■ What you should do ■
Leaving the pictures aside, reproduce the data in full and word for word.

■ Data extract ■
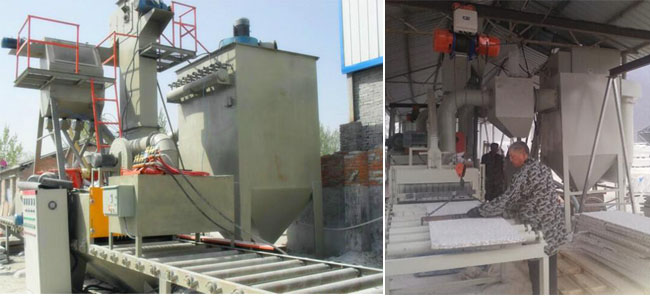 花崗巖通過(guò)拋丸機(jī)，大理石通過(guò)式拋丸機(jī)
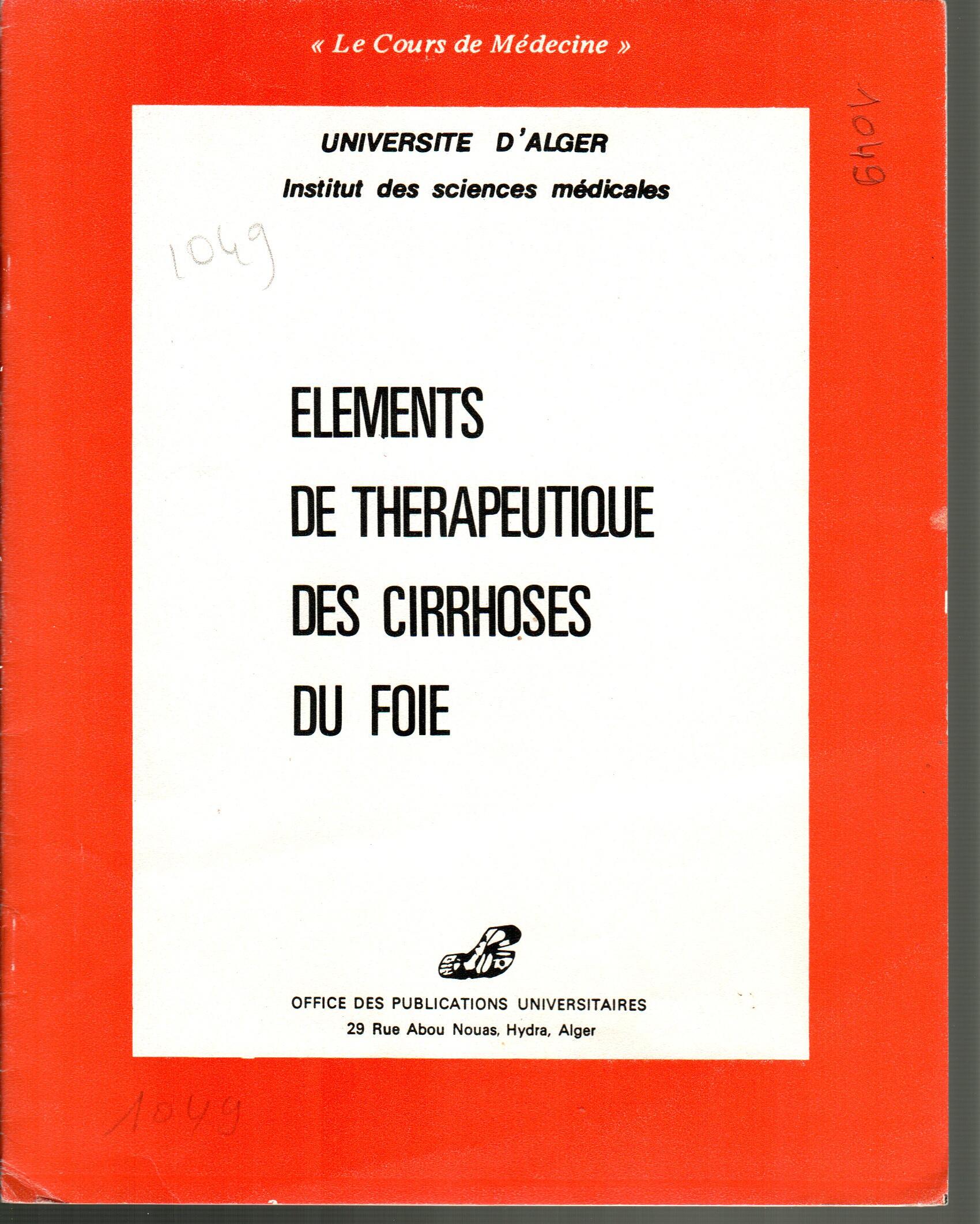 Eléments de thérapeutique des cirrhoses au foie
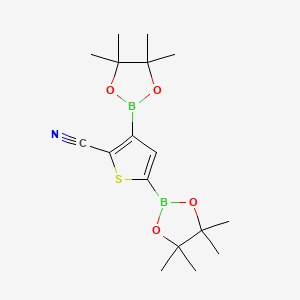 3,5-Bis(4,4,5,5-tetramethyl-1,3,2-dioxaborolan-2-yl)thiophene-2-carbonitrile chemical structure (CAS 916454-57-4)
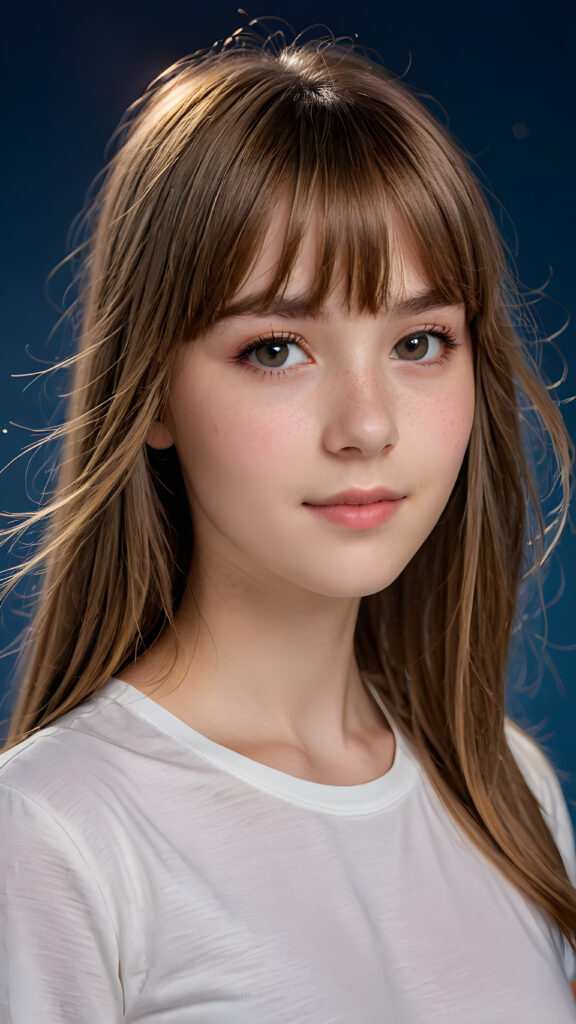 a (((teen girl with bangs cut))), (((vividly drawn long, straight soft hazel hair))) that reflects the light in a (((professional night photograph))), age 13, is depicted with exquisite detail, her face softly angelic yet realistically defined, big round eyes, wearing a (super short, sleek white T-shirt) against a blue backdrop, ((side view))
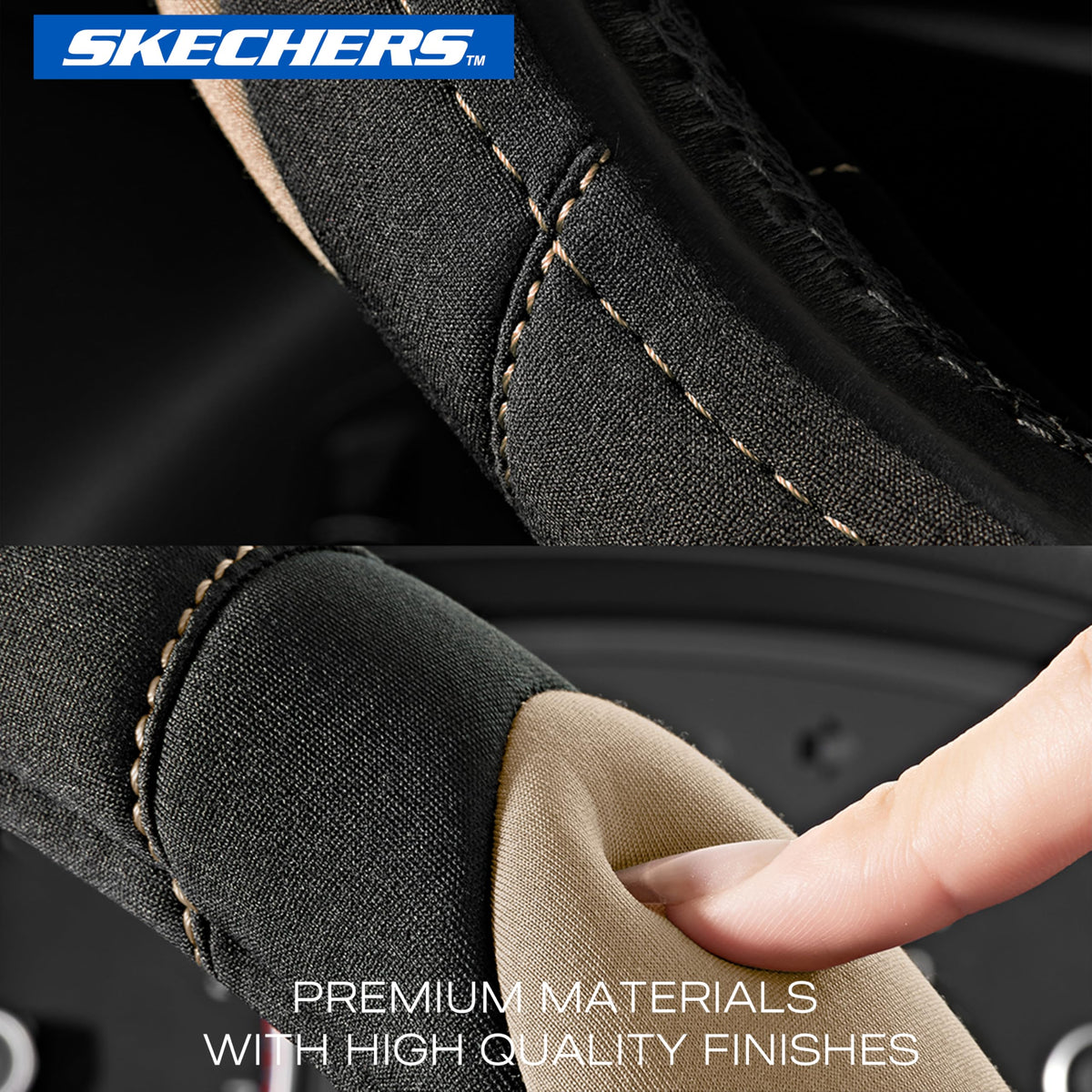 Skechers cover installed in car improves grip and driving comfort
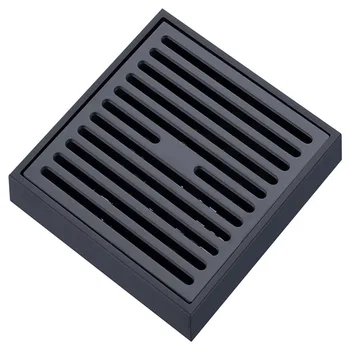 Новейший квадратный 100 *100 мм Твердый латунный черный слив для пола в ванной Комнате, высококачественный слив для душевой комнаты, Предотвращающий запах, Большой дренаж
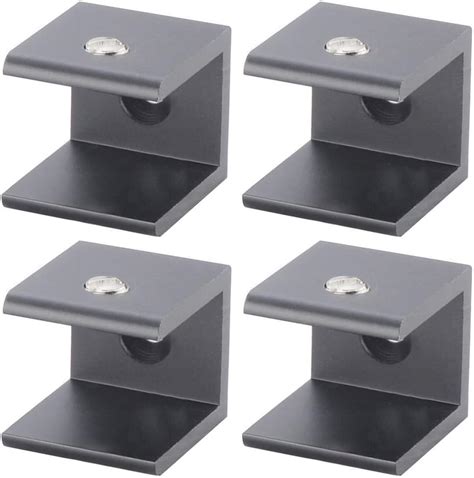 Glass Clips,4 Pcs Wall Mounted Glass Clamps Glass Shelf 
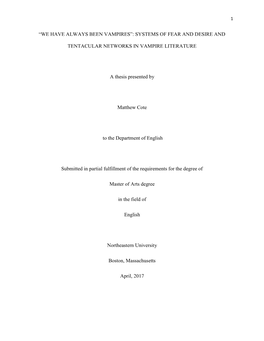 “We Have Always Been Vampires”: Systems of Fear and Desire And
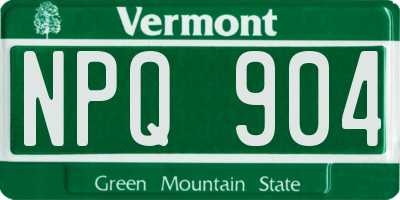 VT license plate NPQ904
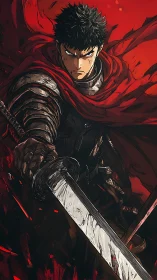 Armored swordsman in crimson cloak with dynamic blade.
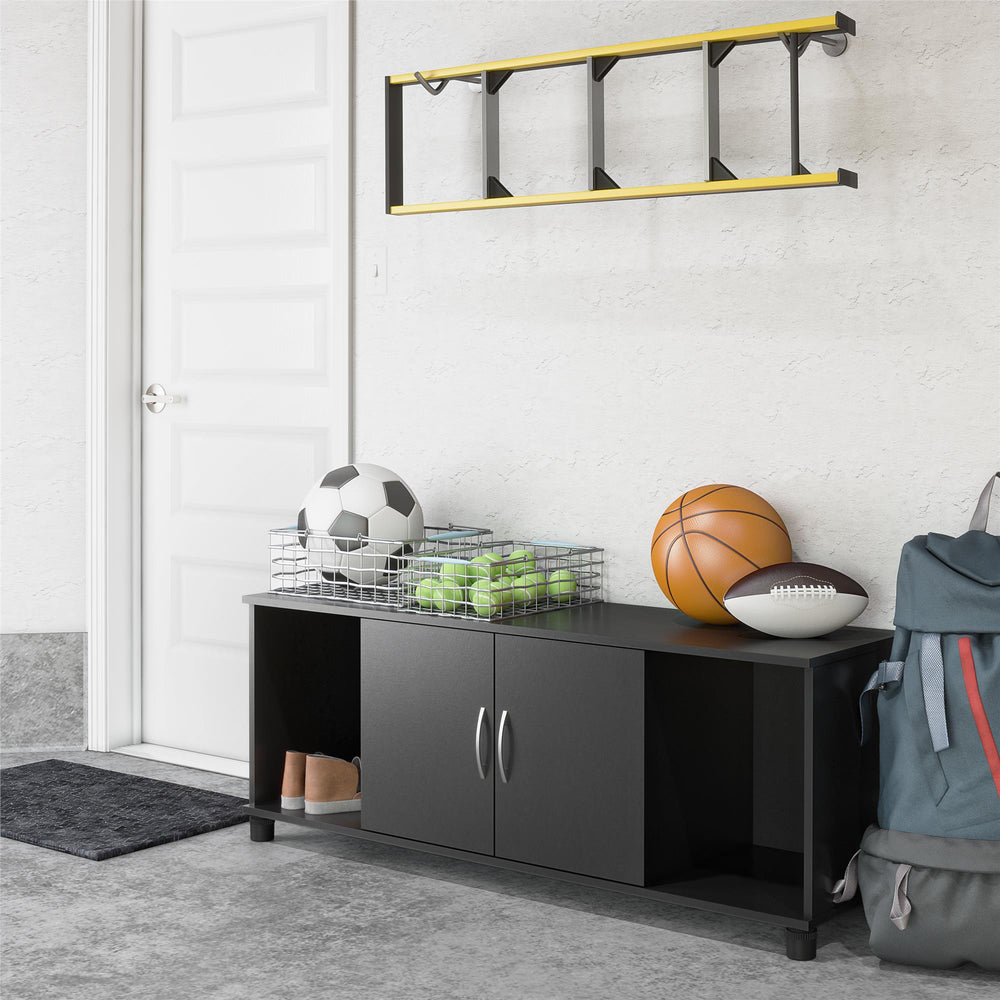 English Elm Lory Entryway Bench with Four Open Shoe Compartments in Sleek Black Finish B2733P444610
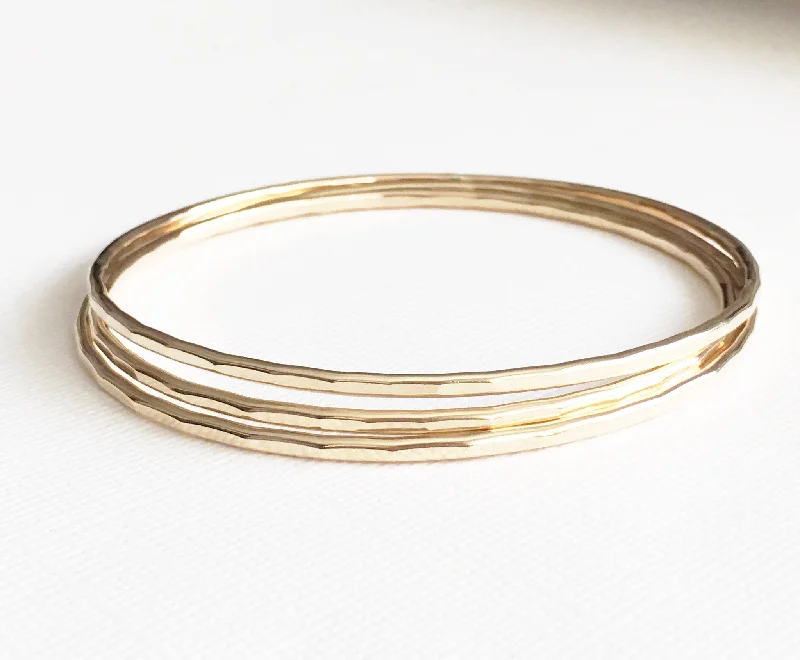 Women’s tennis bangle-Carly bangles set - gold filled (B184)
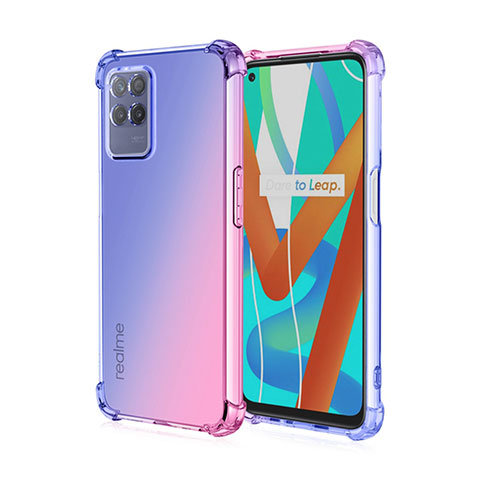 Coque Ultra Fine Transparente Souple Housse Etui Degrade pour Realme Narzo 50 4G Bleu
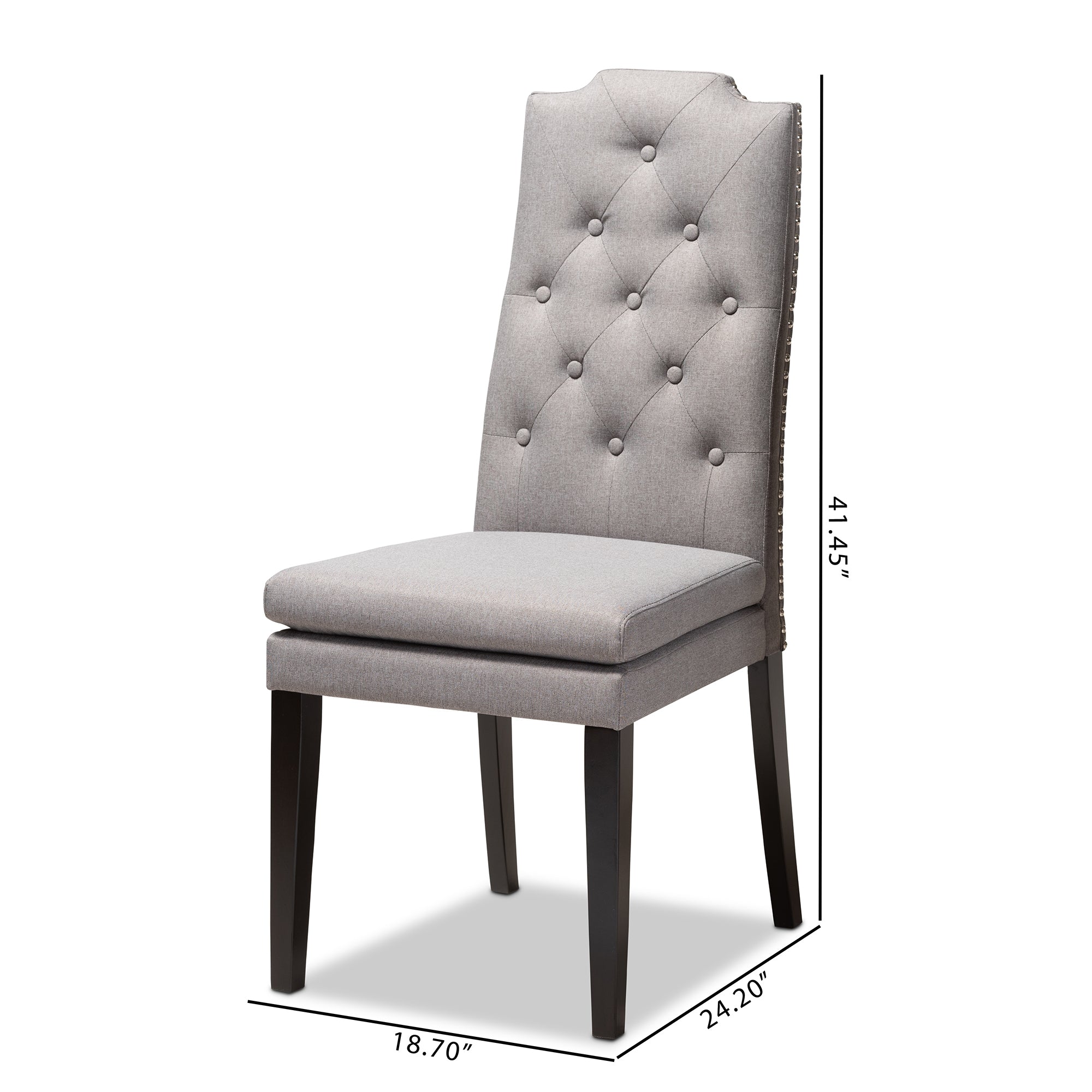 Baxton Studio Dylin Modern and ContemporaryGray Fabric Upholstered Button Tufted Wood Dining Chair Set of 2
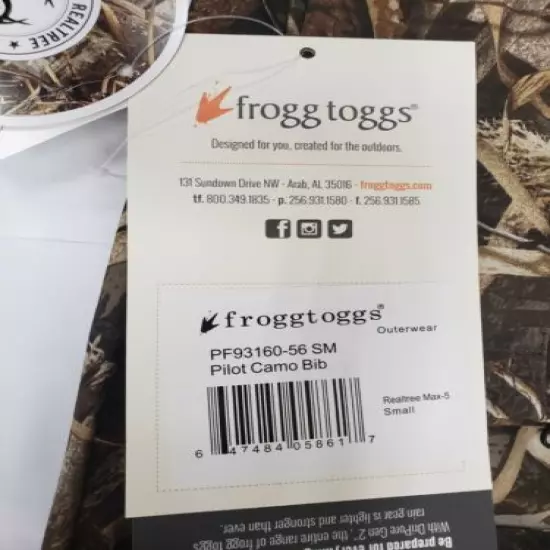 Frogg Toggs PF93160-56SM Pilot Frogg Guide Bib RealTree Max Small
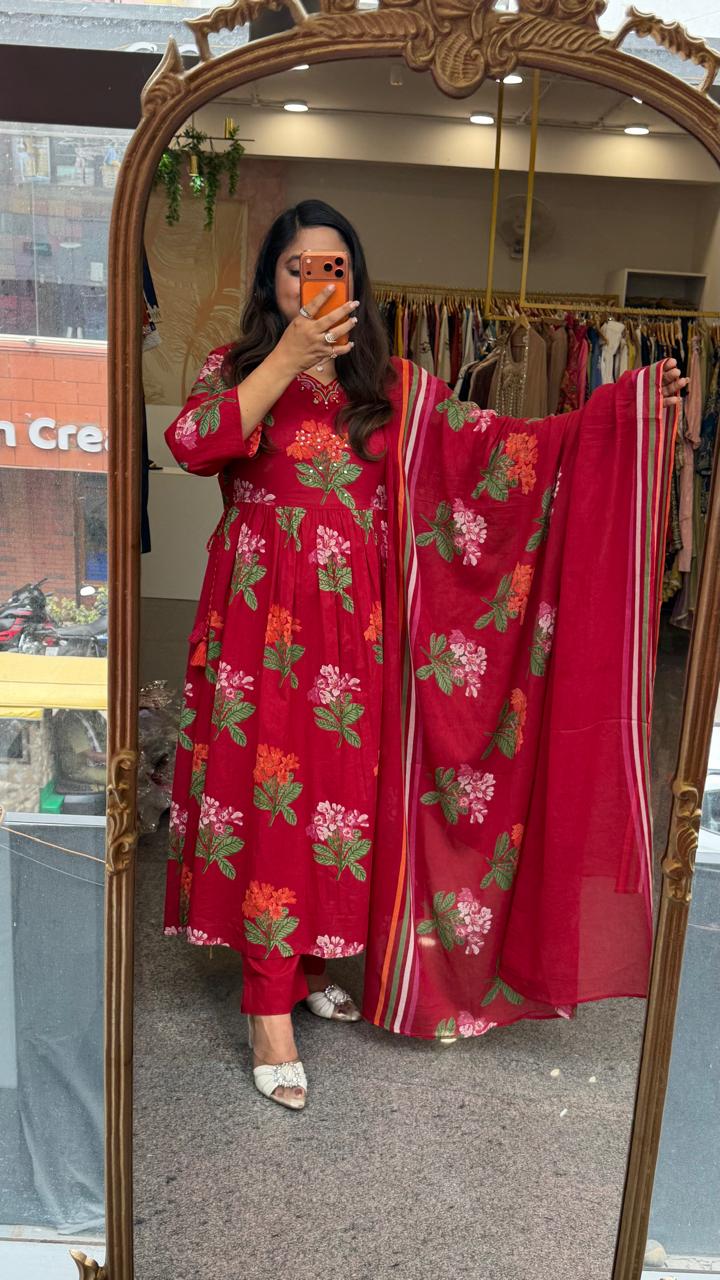 Pure cotton Anarkali full suit set in red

■ Answer space ■
 花崗巖通過(guò)拋丸機(jī)，大理石通過(guò)式拋丸機(jī)
 Eléments de thérapeutique des cirrhoses au foie
 3,5-Bis(4,4,5,5-tetramethyl-1,3,2-dioxaborolan-2-yl)thiophene-2-carbonitrile chemical structure (CAS 916454-57-4)
 a (((teen girl with bangs cut))), (((vividly drawn long, straight soft hazel hair))) that reflects the light in a (((professional night photograph))), age 13, is depicted with exquisite detail, her face softly angelic yet realistically defined, big round eyes, wearing a (super short, sleek white T-shirt) against a blue backdrop, ((side view))
 Skechers cover installed in car improves grip and driving comfort
 Новейший квадратный 100 *100 мм Твердый латунный черный слив для пола в ванной Комнате, высококачественный слив для душевой комнаты, Предотвращающий запах, Большой дренаж
 Glass Clips,4 Pcs Wall Mounted Glass Clamps Glass Shelf 
 “We Have Always Been Vampires”: Systems of Fear and Desire And
 VT license plate NPQ904
 Armored swordsman in crimson cloak with dynamic blade.
 English Elm Lory Entryway Bench with Four Open Shoe Compartments in Sleek Black Finish B2733P444610
 Women’s tennis bangle-Carly bangles set - gold filled (B184)
 Coque Ultra Fine Transparente Souple Housse Etui Degrade pour Realme Narzo 50 4G Bleu
 Baxton Studio Dylin Modern and ContemporaryGray Fabric Upholstered Button Tufted Wood Dining Chair Set of 2
 Frogg Toggs PF93160-56SM Pilot Frogg Guide Bib RealTree Max Small
 Pure cotton Anarkali full suit set in red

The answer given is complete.